Nathan Shaw, technical managing consultant of Liferay, Inc., presented “7 Habits of Highly Successful Liferay Projects” at the 2016 Liferay Symposium. The presentation was influenced by the best-selling book “7 Habits of Highly Successful People.” The highlights follow.
1) Be Proactive
Be proactive and not reactive.
- Learn what Liferay can do
- Stay informed via Liferay Pulse, company blogs, social media etc.
- Attend training
- Be aware of the features, for example
- Web content management system
- Staging / publishing
- Document types
- Content targeting
2) Begin with the End in Mind
Focus on the end goals and embrace change as a means to get there.
- Long term mindset
- Flexible
- Maintainable
- Survivable
- Enterprise-scale
- Quality matters
3) Put First things First
Focus on important urgent matters, not time wasters
- Important tasks cannot be ignored or they will become urgent, e.g. install product fixes before a bug shows up in production
- Don’t be afraid to say no to things like vague requirements or over-engineering,
- Use published APIs, not custom code
- Don’t repeat yourself
- Use portlet configuration for related portlets instead of writing multiple portlets
- Factor to a common service, jar or portal property
- Use small building blocks with clear responsibilities
- Use css class wrappers in theme
- Test integrated development
- Write tests from requirements and write code until the tests pass
- For developers, have automated tools
- For QA, use automated regression tools and manual testing for new capabilities
- Develop like you are in production
- Production ready logging
- Don’t use omniadmin
- A prod like environment is required for QA, e.g. clustering, SSO, services etc.
4) Think Win/Win
High consideration and courage contribute to win/win among teams. Important factors include.

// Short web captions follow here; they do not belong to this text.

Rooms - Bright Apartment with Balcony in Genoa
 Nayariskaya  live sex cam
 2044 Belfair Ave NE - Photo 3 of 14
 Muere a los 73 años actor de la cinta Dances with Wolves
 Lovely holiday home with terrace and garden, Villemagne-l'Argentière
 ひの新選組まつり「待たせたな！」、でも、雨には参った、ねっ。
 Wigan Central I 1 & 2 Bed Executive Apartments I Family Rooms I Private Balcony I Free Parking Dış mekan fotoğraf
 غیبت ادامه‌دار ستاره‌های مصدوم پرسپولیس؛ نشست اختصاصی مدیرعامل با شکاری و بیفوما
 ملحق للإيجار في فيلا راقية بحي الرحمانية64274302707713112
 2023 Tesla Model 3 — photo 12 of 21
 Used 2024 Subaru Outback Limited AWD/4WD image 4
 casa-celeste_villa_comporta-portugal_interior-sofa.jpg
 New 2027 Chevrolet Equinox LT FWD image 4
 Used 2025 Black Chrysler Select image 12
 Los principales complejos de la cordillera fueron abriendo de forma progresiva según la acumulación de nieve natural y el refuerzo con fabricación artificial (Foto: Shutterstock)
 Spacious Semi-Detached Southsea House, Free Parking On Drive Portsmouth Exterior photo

- Universal source code control for not just code but also server configuration
- Use tickets for tracking all work
- Lightweight document for processes
- Just-enough documentation for architecture
- Test automation
- Levels of prioritization – everything isn’t a sev 1 defect or a blocker
- API contracts
- Error correction mechanism, e.g. developers review requirements, QA tests against them and business signs off
5) Seek First to Understand
Understand what is happening with your team and systems.
- For your team
- Track all work
- Use Agile techniques for delivery
- For your production system
- Retained and searchable logs
- Application performance monitoring
- Auditing for key events
- Click stream tracking when permissible
- Service metrics
- Heath dashboard
- Load testing and performance tuning
6) Synergize
The sum is greater than the parts. Trust and cooperation among the teams are critical.
7) Sharpen the Saw
Effective teams takes time during the projects to look at their processes and techniques to always look for improvements. Key contributors are.
- Open communication, e.g. JIRA
- Sprint retrospectives
- Active change management process
- Real user feedback
- Production support reviews
The session was very informative with real world techniques. While many of the habits are general good software development and project delivery best practices, there were Liferay specific concepts sprinkled throughout.